During the course of the discussion PJW came up with an image of a left-handed scribe, but the picture didn't seem to match the description (click for details).
So I emailed the museum:
In the description given of the Manuscript Illumination with the Evangelist Luke, late 13th-early 14th century
Tempera and gold leaf on parchment; 5 13/16 x 4 1/16 in. (14.7 x 10.3 cm). Purchase, The Jaharis Family Foundation Inc. Gift, 2001 (2001.633) (http://www.metmuseum.org/toah/hd/book/hob_2001.633.htm)
it is said:
"On a single page from a gospel book, the illumination shows the evangelist Luke seated on a backless chair, reaching with his right arm toward the open book on a pedestal before him. He wears a loose-fitting blue tunic and white himation, and sandals on his feet. He holds a quill pen in his left hand as he pauses to contemplate the text." But not only is there no pen to be seen in his left hand, it is not his right hand that reaches to the open book. It looks to me more like a pen in his right hand, held in such a way that he may be about to write. [Most scribes were right-handed, so it would be nice to know if this really was a depiction of a left-handed evangelist.]
I wonder whether it is possible either to refer me to some published discussion of this piece, or to have someone take another close look at the picture and confirm (or alter) the description.
And today I received this reply:
Dear Peter, if I may,
Thank you very much for your email.
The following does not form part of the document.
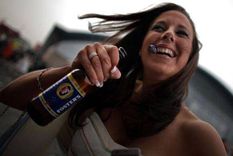 como destapar una cerveza con una hoja de papel como destapar una cerveza con una hoja de papel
You are quite right that the evangelist Luke reaches for the book with his left hand, and that he is a right-handed scribe. We very much appreciate your bringing this to our attention and we will correct the descriptive text as soon as possible.
Best wishes for a happy holiday,
Dr. Sarah T. Brooks
Department of Medieval Art
Metropolitan Museum of Art
1000 Fifth Avenue
New York, NY 10028-0198
So, if there were no left-handed scribes we shan't need to spend much time pondering their distinctive habits.
Up-date (to the up-date; 15.12.05): I am pleased to say that Dr Brooks has given permission for me to quote her email in full. I am sorry to say that I only asked for this permission retrospectively. At least we have advanced the cause of scholarship together.